(AFP) - Macron's decision to dissolve the National Assembly has disrupted the country's political landscape, leaving parties scrambling to prepare for the first round of legislative elections on 30 June.
The French constitution mandates that a vote be held no less than 20 days and no more than 40 days after the dissolution of parliament.
However, some overseas territories hold their elections on Saturdays rather than Sundays. This is the case for Saint-Pierre and Miquelon Guadeloupe, Martinique, Guyana, Saint-Barthélémy, Saint-Martin and French Polynesia.
That means the delay will only be 19 days for citizens in these areas – a threat to constitutional rights, according to the rights and liberties watchdog Adelico.
Court appeal
The association this week filed an appeal with the Constitutional Council to have the legislative poll dates pushed back.
"Not only does this decree seem to have been drafted in haste, but perhaps also by forgetting that certain voters live neither in Paris nor in mainland France," Jean-Baptiste Soufron, a lawyer and member of Adelico told FranceInfo on Tuesday.
A second appeal was filed for the same reason by lawyer Olivier Taoumi, who lives and works in French Guiana.
Soufron said the tight timeline to organise polls will create a difference between French people: "Some will have the normal rules applied and others will not."
The deadline also risks "discouraging" or even "preventing" certain candidates, he added.
Twenty-seven candidates will need to be elected to represent France’s overseas territories out of the 577 French constituencies. According to a decree published on Monday, candidates have until 16 June to declare their candidacy.
The official electoral campaign will open on 17 June at midnight and run until midnight on 27 June.
Bills on hold
"It’s going to be an extremely short campaign to find the funding, to find the candidates and to form the alliances," Benjamin Morel, political scientist and lecturer at the University of Paris II told FranceInfo.
The other concern for overseas territories is the fate of parliamentary works already underway that have ground to a halt two years early. Morel says that in most cases, projects will become obsolete, or at least suspended until the new parliament can assess if it will be put back on the agenda.

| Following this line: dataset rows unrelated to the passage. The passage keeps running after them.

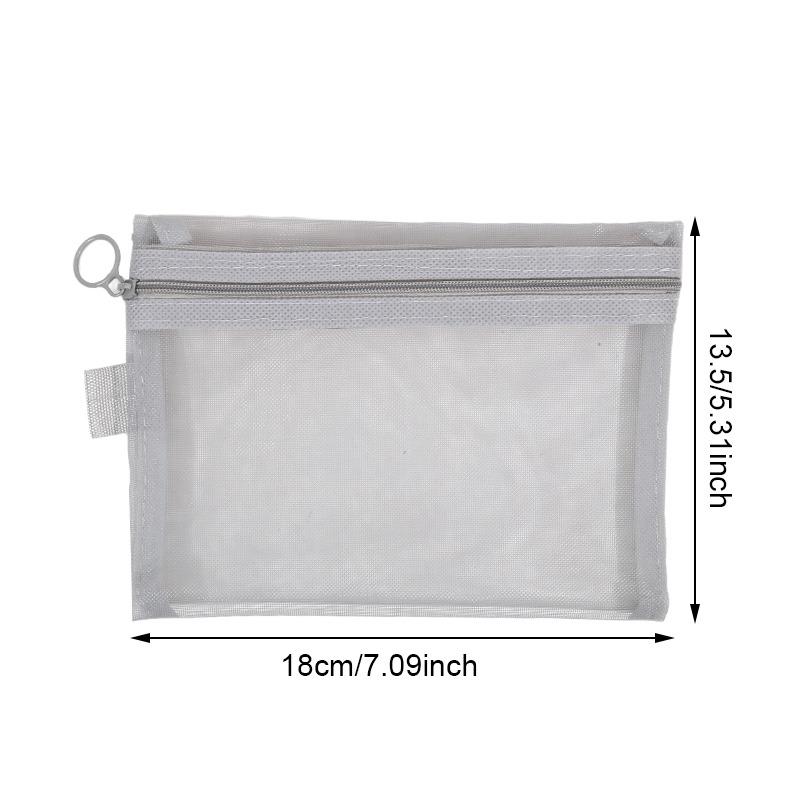 1/3PCS Mesh Hard Disk Card Reader Bags Portable Earphone Data Cable Chargers Storage Bag U Disk Zipper Pouch Travel Organizer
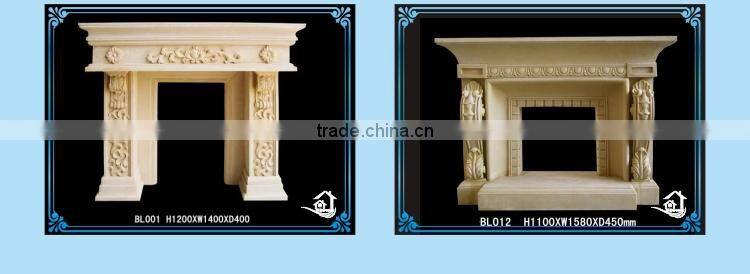 Traditional fake fireplace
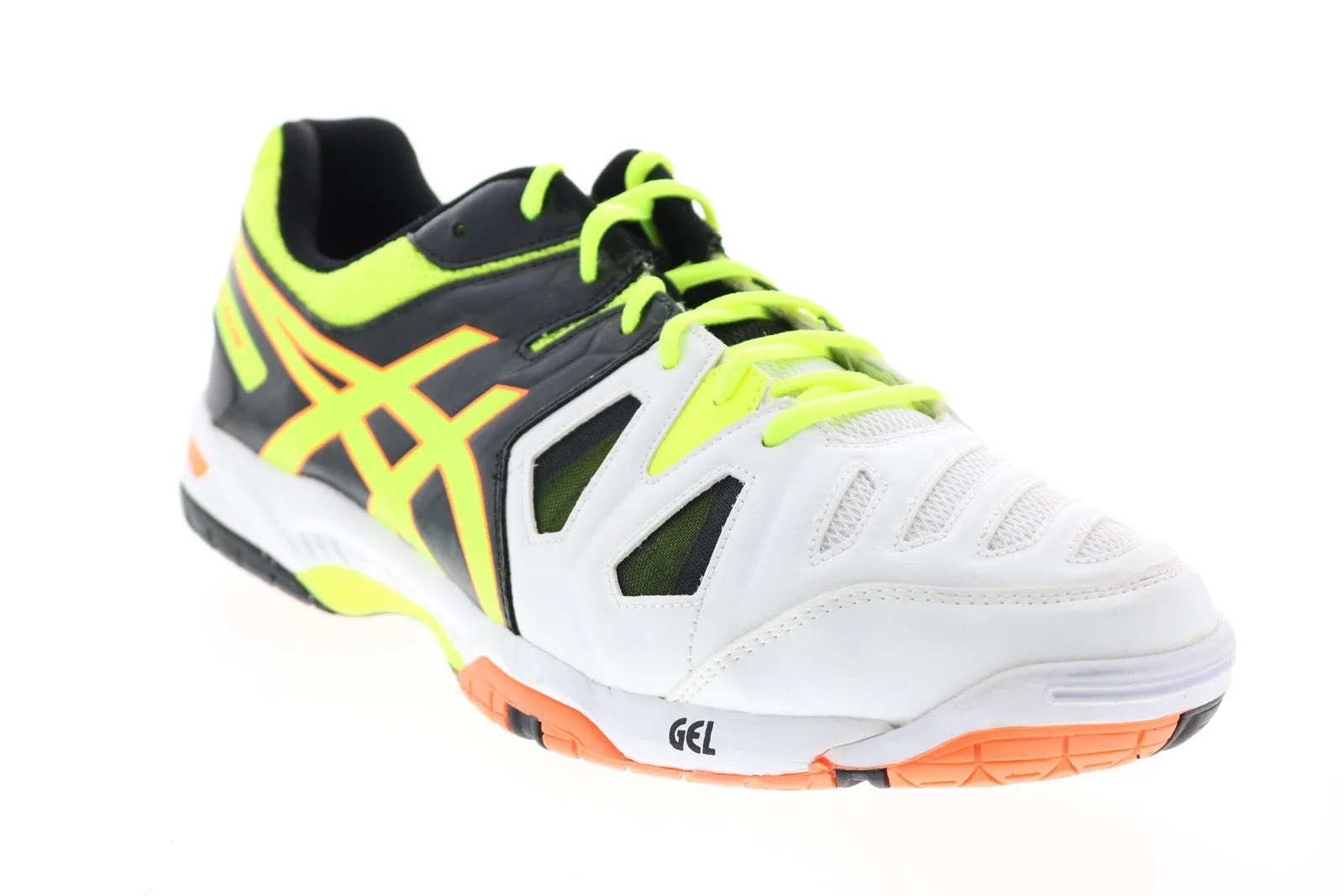 Asics Gel-Game E506Y Mens White Synthetic Athletic Cross Training Shoes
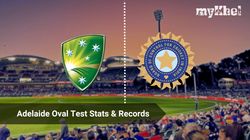 Ind Vs Aus 2nd Test Adelaide Oval Stats Records India Australia Red Ball Numbers In Adelaide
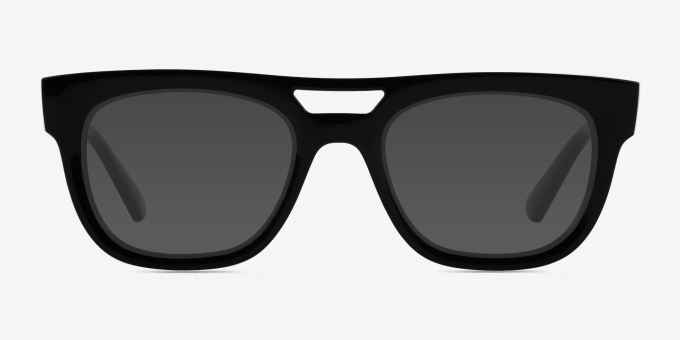 Ray-Ban RB7226 Phil Black PlasticEyeglass Frames from EyeBuyDirect, with Tinted Lenses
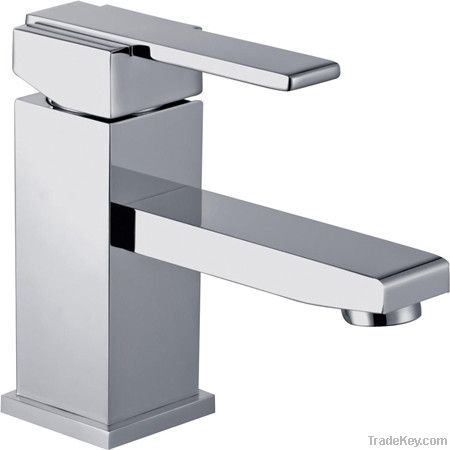 Modern Single Lever Bathroom Basin Brass Faucet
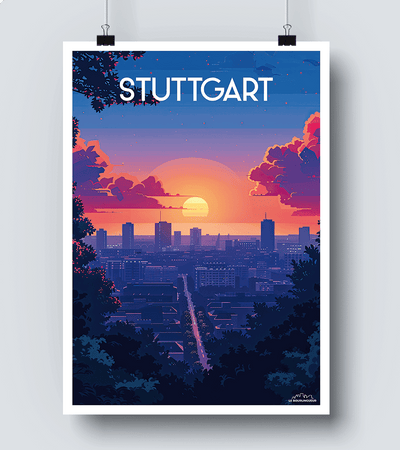 Affiche Stuttgart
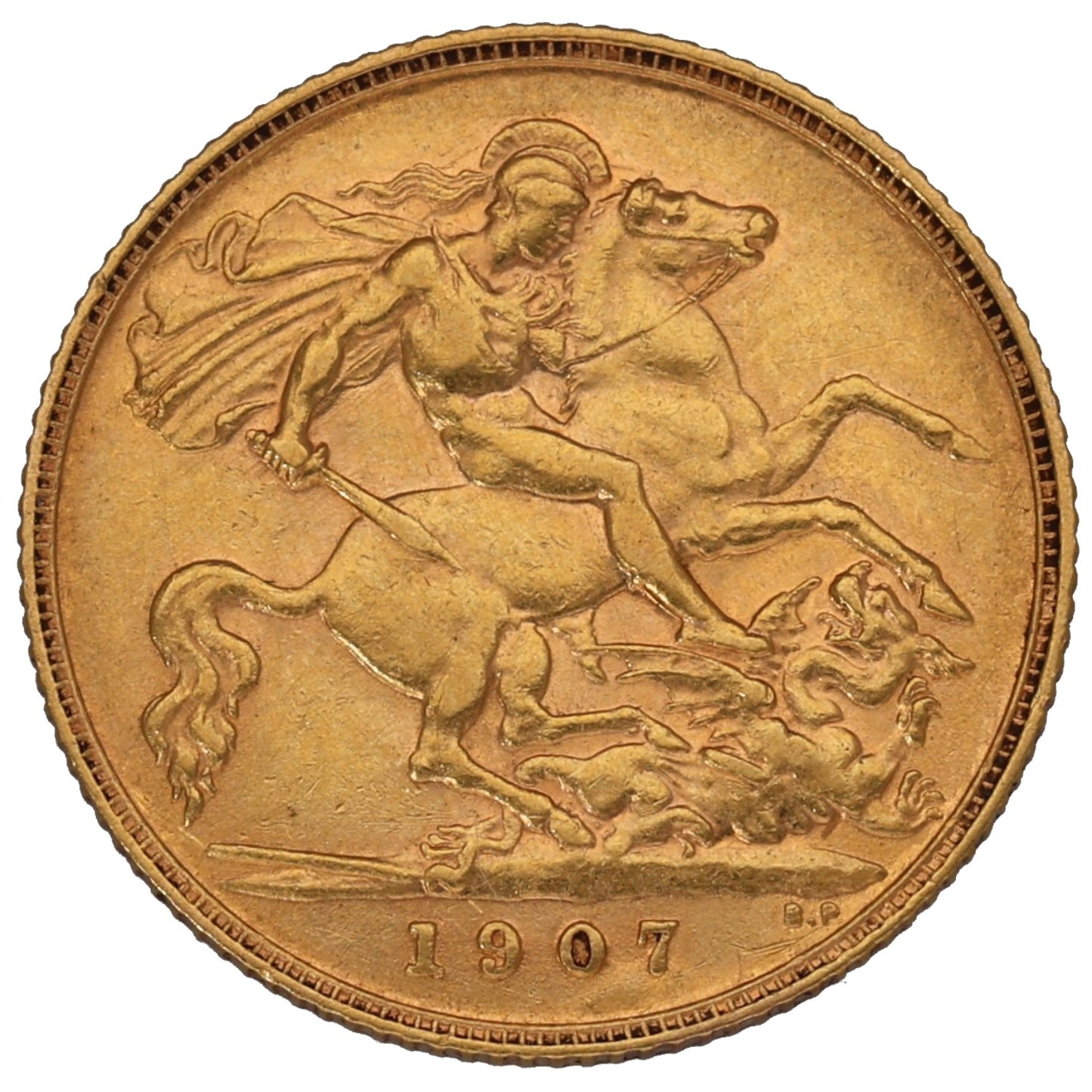 22ct Gold King Edward VII Half Sovereign Coin 1907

That means nothing will happen until at least 8 July, when the new parliament is called into session form.
This is the case with French Polynesia for example, where the commissions of inquiry are at a standstill, including the long-awaited probe into the nuclear tests carried out in the Pacific until the end of the 1990s.
Perhaps in a bid to avoid further violence in New Caledonia, Macron announced this week that a contentious plan to reform the electoral roll rules would be "suspended" to promote "dialogue and a return to order".
In Mayotte, a bill on controlling illegal immigration which was to be presented to the Council of Ministers in July has been derailed by the dissolution of parliament.
The French island in the Comoros archipelago off southern Africa struggles with illegal migration from neighbouring non-French islands as well as mainland Africa.
Mistrust and government
These tensions have heightened the already present sentiment of mistrust towards the central government.
The question now is whether the overseas territories will choose to punish Macron's leadership at the legislative elections by turning to the far-right as they did in the European polls.
Five out of eleven of France's overseas territories and departments voted for the far-right National Rally candidate Jordan Bardella last weekend. These include Mayotte, Guadeloupe, Reunion Island, Guyana and Saint-Pierre-et-Miquelon.
This resulted in a surge for the party at a national level which saw the National Rally take 31.36 percent of the vote compared with 23.34 percent five years ago.
Although Macron's Renaissance candidate Valérie Hayer came first in French Polynesia, New Caledonia, Saint-Martin, Saint-Barthélémy and Wallis and Futuna, the National Rally was second in many places.
Only Martinique decided to go with the far-left representative Manon Aubry (France Unbowed), just 1 percent ahead of Bardella.